Instructions for the task =
Would you write out the entries below, every one of them, exactly?
START Excerpted data
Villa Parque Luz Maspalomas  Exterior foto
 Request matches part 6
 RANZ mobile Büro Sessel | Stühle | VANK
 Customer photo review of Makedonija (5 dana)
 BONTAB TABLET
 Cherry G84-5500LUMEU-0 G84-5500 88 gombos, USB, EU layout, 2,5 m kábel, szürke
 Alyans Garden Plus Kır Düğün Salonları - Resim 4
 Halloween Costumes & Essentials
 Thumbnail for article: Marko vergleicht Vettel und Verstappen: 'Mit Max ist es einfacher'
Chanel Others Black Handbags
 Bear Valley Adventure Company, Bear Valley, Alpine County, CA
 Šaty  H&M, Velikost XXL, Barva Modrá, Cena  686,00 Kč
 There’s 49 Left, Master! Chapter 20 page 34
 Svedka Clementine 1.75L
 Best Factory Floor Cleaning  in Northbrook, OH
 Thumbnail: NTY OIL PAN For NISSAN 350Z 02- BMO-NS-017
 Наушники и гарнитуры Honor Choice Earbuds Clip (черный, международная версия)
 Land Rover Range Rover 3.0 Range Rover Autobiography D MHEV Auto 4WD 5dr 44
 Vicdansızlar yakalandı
END Excerpted data
Finished task =
Villa Parque Luz Maspalomas  Exterior foto
 Request matches part 6
 RANZ mobile Büro Sessel | Stühle | VANK
 Customer photo review of Makedonija (5 dana)
 BONTAB TABLET
 Cherry G84-5500LUMEU-0 G84-5500 88 gombos, USB, EU layout, 2,5 m kábel, szürke
 Alyans Garden Plus Kır Düğün Salonları - Resim 4
 Halloween Costumes & Essentials
 Thumbnail for article: Marko vergleicht Vettel und Verstappen: 'Mit Max ist es einfacher'
Chanel Others Black Handbags
 Bear Valley Adventure Company, Bear Valley, Alpine County, CA
 Šaty  H&M, Velikost XXL, Barva Modrá, Cena  686,00 Kč
 There’s 49 Left, Master! Chapter 20 page 34
 Svedka Clementine 1.75L
 Best Factory Floor Cleaning  in Northbrook, OH
 Thumbnail: NTY OIL PAN For NISSAN 350Z 02- BMO-NS-017
 Наушники и гарнитуры Honor Choice Earbuds Clip (черный, международная версия)
 Land Rover Range Rover 3.0 Range Rover Autobiography D MHEV Auto 4WD 5dr 44
 Vicdansızlar yakalandı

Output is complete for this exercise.